Annamaria De Palma ist Sprecherin des antirassistischen Netzwerks Venezia-Mestre

»Der Migrantenstreik war wunderbar«

In Italien hat die Regierung Berlusconi ein neues Immigrationsgesetz verabschiedet, das zahlreiche repressive Regelungen vorsieht: stärkere Kontrollen der italienischen Küste durch die Marine und die Pflicht für alle in Italien lebenden Menschen, ihre Fingerabdrücke polizeilich registrieren zu lassen. Doch nicht nur die staatliche Kontrolle wird für Nicht-EU-Ausländer verschärft. Mit der Koppelung der Aufenthaltserlaubnis an vorweisbare Arbeitsverträge werden sie auch der Willkür der Unternehmer unterworfen.

Die italienische Regierung hat im Spätsommer ein neues Immigrationsgesetz, das Bossi-Fini-Gesetz, eingeführt. Welche grundlegende Neuerung ist darin enthalten?

Der Mensch, der nicht aus der EU kommt, wird darin als Arbeitsmaschine definiert. Seine Anwesenheit in Italien ist an einen Arbeitsvertrag gekoppelt. Die Aufenthaltserlaubnis verwandelt sich in einen Aufenthaltsvertrag. Und sie gilt so lange wie der Arbeitsvertrag, höchstens aber zwei Jahre – auch dann, wenn der Arbeitsvertrag unbefristet ist. Zuvor konnte die Erlaubnis vier Jahre lang gelten. Nun hast du lediglich sechs Monate Zeit, einen neuen Job zu finden. Findest du ihn nicht, etwa weil du krank bist, verlierst du die Chance, in Italien zu bleiben, selbst wenn du schon 20 Jahre hier gelebt hast. So bist du immer in Gefahr.

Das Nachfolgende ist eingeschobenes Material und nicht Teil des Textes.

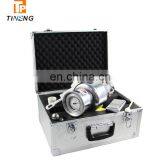 Zhuozhou Tianpeng SM-1000 Calcium Carbide Method Speedy Moisture Tester thumbnail-4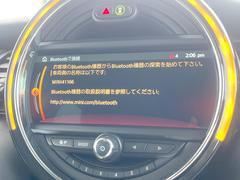 £衧Υޡȥեʤɤ³ϥ󥺥ե꡼ä׾촶ߥ塼å򤪳ڤߤޤ̵³ǤΤѤ路⤢ޤ 7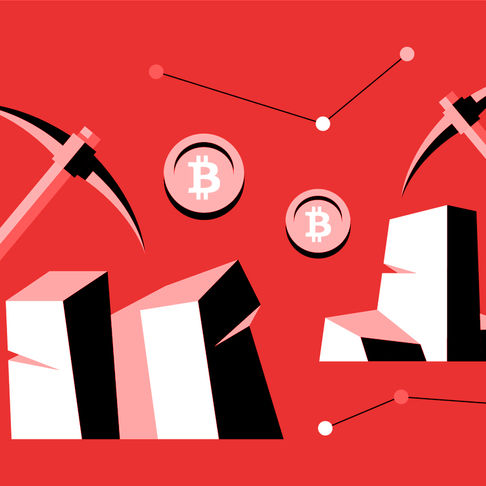 MINERS - HOW TO CONNECT TO THE NETWORK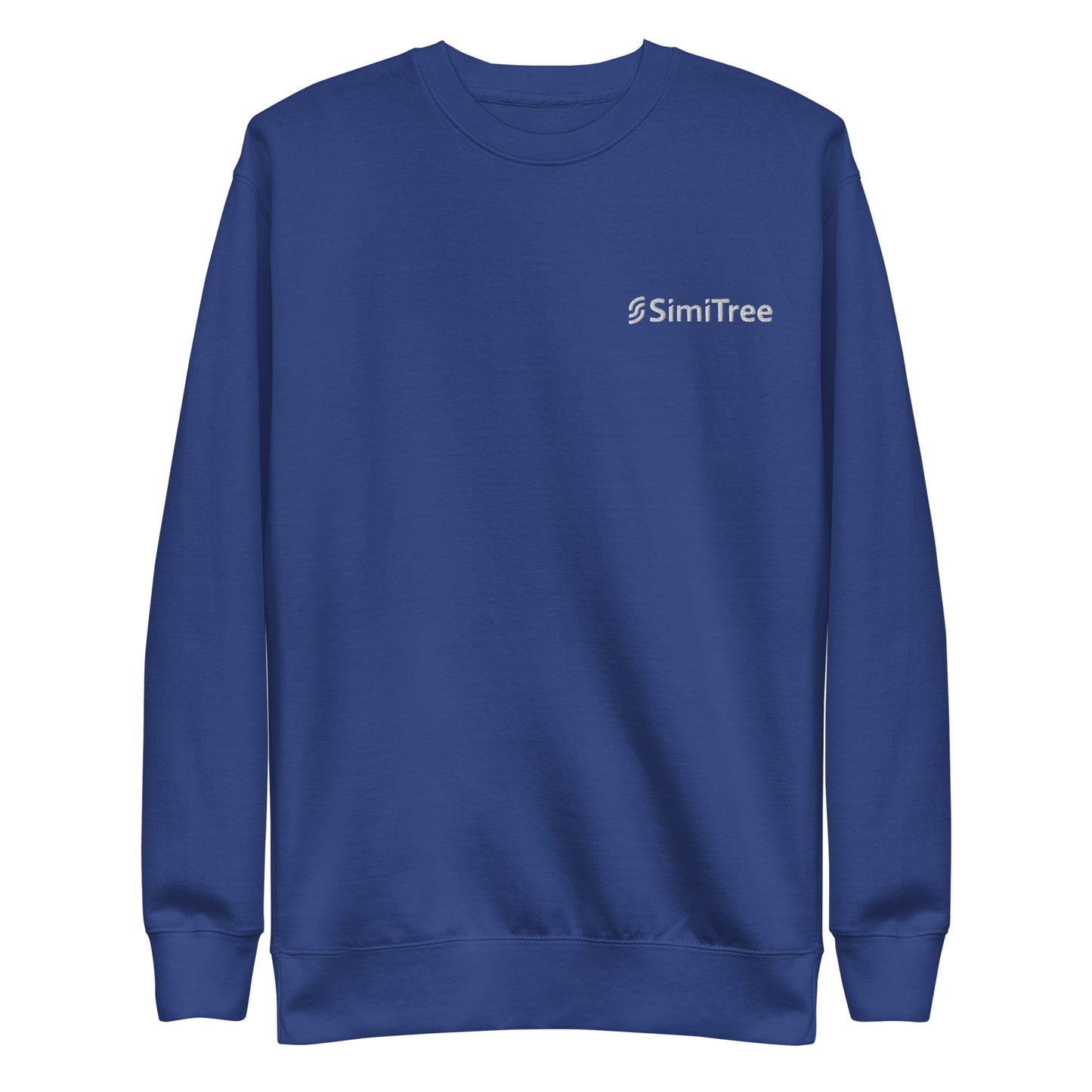 Unisex Premium Sweatshirt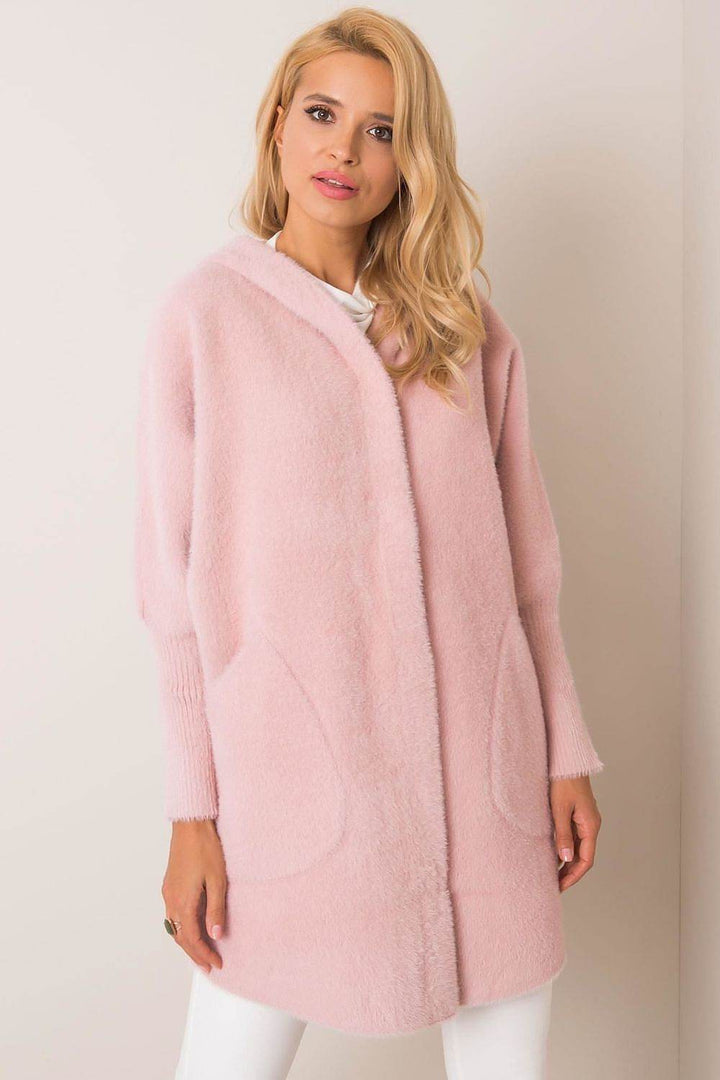 Coat model 171828 - MHMote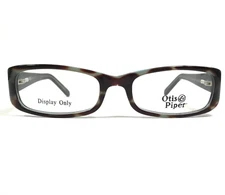 Otis Piper Kids Eyeglasses Frames OP5002 200 TORTOISE SKY Rectangular 46-16-135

Welche Auswirkungen hat es, wenn die Immigration auf die Bedürfnisse der Unternehmer abgestimmt wird?

Indem Arbeitnehmer geschaffen werden, die total vom Arbeitgeber abhängig sind, wird das allgemeine Niveau der Arbeitsbedingungen nach unten gedrückt. In dieser Hinsicht steht diese neue Regelung nicht allein da. So gibt es die Auseinandersetzungen um den Kündigungsschutz oder das »Weiße Buch« von Minister Maroni von der Lega Nord, wonach verschiedene Formen von Leiharbeit oder, wie wir es nennen, Sklavenarbeit eingeführt werden sollen. Die gibt es faktisch schon länger, jetzt aber werden sie institutionalisiert.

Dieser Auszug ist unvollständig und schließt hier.